### [What is required]
Run through the records and, wherever a line holds the word "Rack", return that line.

★ ★ ★

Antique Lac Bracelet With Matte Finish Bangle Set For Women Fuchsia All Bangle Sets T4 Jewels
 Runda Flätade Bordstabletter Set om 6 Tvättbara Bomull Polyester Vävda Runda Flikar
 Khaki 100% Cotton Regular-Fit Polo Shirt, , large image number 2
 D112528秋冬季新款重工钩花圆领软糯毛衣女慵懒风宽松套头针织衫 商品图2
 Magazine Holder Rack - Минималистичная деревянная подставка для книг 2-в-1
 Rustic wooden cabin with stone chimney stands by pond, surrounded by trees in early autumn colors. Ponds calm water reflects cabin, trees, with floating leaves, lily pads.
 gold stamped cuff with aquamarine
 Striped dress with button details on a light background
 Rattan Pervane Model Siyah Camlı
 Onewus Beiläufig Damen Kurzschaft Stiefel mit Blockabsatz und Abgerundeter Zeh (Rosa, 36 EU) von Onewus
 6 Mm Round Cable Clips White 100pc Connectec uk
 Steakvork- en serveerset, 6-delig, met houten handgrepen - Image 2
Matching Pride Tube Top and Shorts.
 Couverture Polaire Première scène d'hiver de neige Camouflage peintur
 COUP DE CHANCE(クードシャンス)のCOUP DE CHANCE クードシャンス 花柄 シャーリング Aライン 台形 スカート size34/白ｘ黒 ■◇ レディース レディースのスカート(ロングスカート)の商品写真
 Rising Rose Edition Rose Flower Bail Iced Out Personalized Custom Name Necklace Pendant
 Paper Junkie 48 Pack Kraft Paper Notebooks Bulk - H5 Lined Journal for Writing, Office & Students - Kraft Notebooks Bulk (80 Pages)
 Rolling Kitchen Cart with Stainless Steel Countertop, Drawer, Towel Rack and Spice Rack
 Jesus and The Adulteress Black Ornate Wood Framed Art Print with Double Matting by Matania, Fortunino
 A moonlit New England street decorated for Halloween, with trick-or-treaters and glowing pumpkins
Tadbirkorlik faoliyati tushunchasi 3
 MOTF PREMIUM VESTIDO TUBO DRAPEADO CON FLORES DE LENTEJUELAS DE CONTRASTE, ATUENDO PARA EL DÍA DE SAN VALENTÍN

★ ★ ★

### [Reply to the task]
 Magazine Holder Rack - Минималистичная деревянная подставка для книг 2-в-1
 Rolling Kitchen Cart with Stainless Steel Countertop, Drawer, Towel Rack and Spice Rack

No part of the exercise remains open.